I thought Durban managed an agreement that China and India *will* now be included.
Is this guy speaking for the government, or just another political blowhard?
Sheesh, evil *and* a jerk. -- Jade
I can't see the validity in an argument justifying Western emissions based on the emissions of developing nations. Just because they're not doing their bit, doesn't mean we shouldn't do ours.
Wait... you know that the US was never in the Kyoto Accord, right?
And that part of the reason Canada is pulling out is that the world's biggest CO2 outputting nations (US and China) weren't reducing their output?
We're trying to tell the teeming masses in India and China that they can't aspire to have luxuries like refrigerators, washing machines and cars. Quite rightly, they don't give a damn about our rank hypocrisy.
Even if every decadent Western nation beggars itself (and we won't) then India and China will pick up the emissions slack within a decade or so (and they will anyway).
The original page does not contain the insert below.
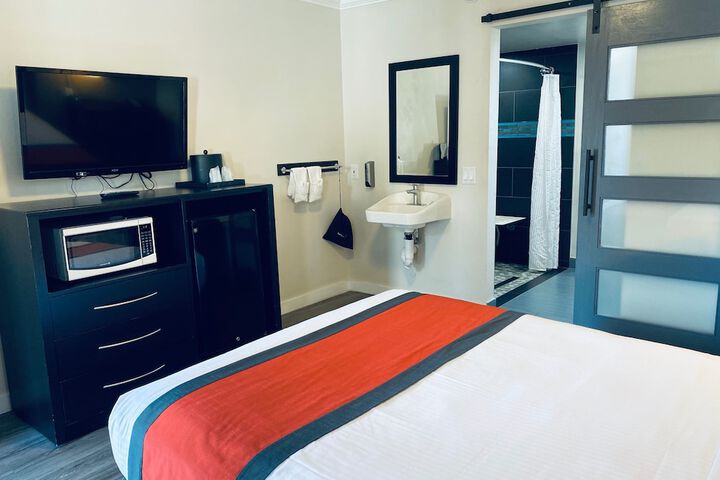 Room 18 of 18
Emissions restrictions are dead in the water on the global scale. Instead, how about we start from the premise that people are going to strive to live rich, comfortable, high energy lives, and that they're going to keep having lots of kids who will expect to have more than their parents had.
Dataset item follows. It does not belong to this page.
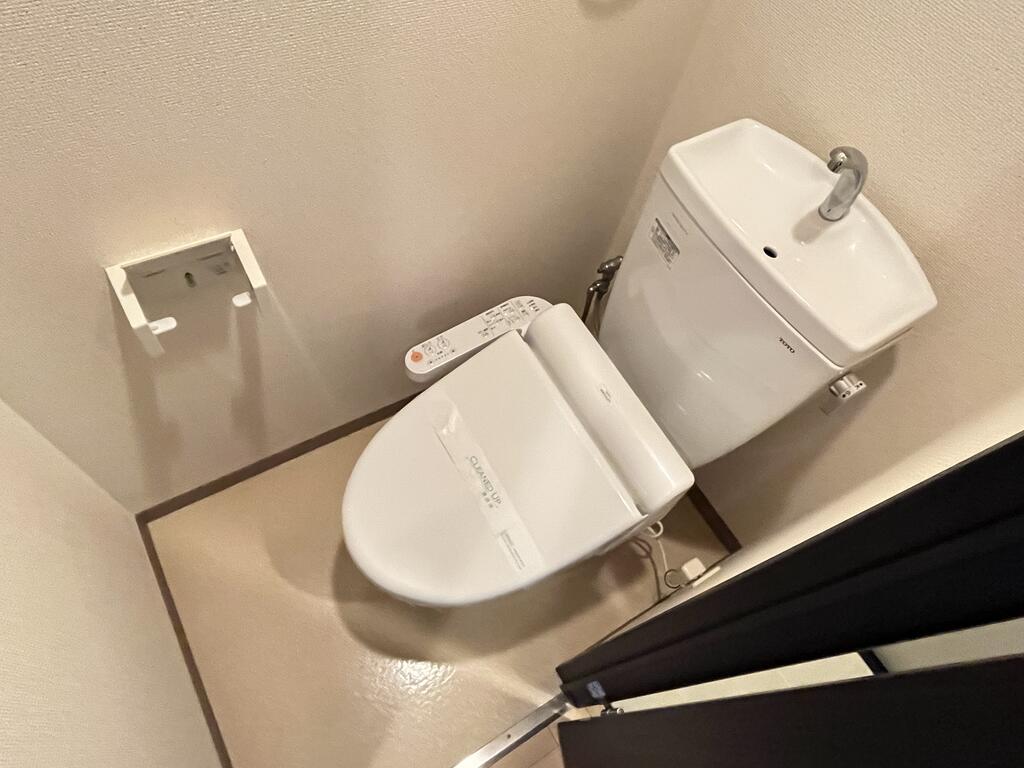 トイレ　※同タイプ同モデルの写真を使用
There are essentially two solutions: cull about 4 billion people, or throw resources at clean power until it sticks, and I mean trillion dollar tranches of funding at fusion.
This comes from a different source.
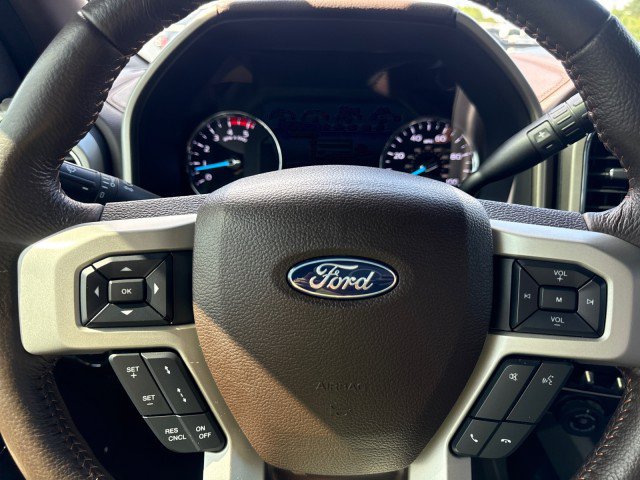 Used 2022 Ford F350 King Ranch w/ Chrome Package AWD/4WD image 26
tl;dr version - emissions will go down when it's cheaper to produce green energy than to burn coal, and not one moment before.
If you were blocking sigs, you wouldn't have to read this.
Conservative government that is about to make huge amounts of money for their oil buddies with the tar sands in the midwest part of the country.
Yeah I can see why they want out of the Kyoto protocol.
that $13 billion number is likely the amount they're about to reap from tar sand processing
China and the US not pulling their weight is only the official reason I guess.
The true reason must be the enormous CO2 pollution that the exploitation of the tarsand oil or what is it called is causing.
---
"The chances of a demonic possession spreading are remote -- relax."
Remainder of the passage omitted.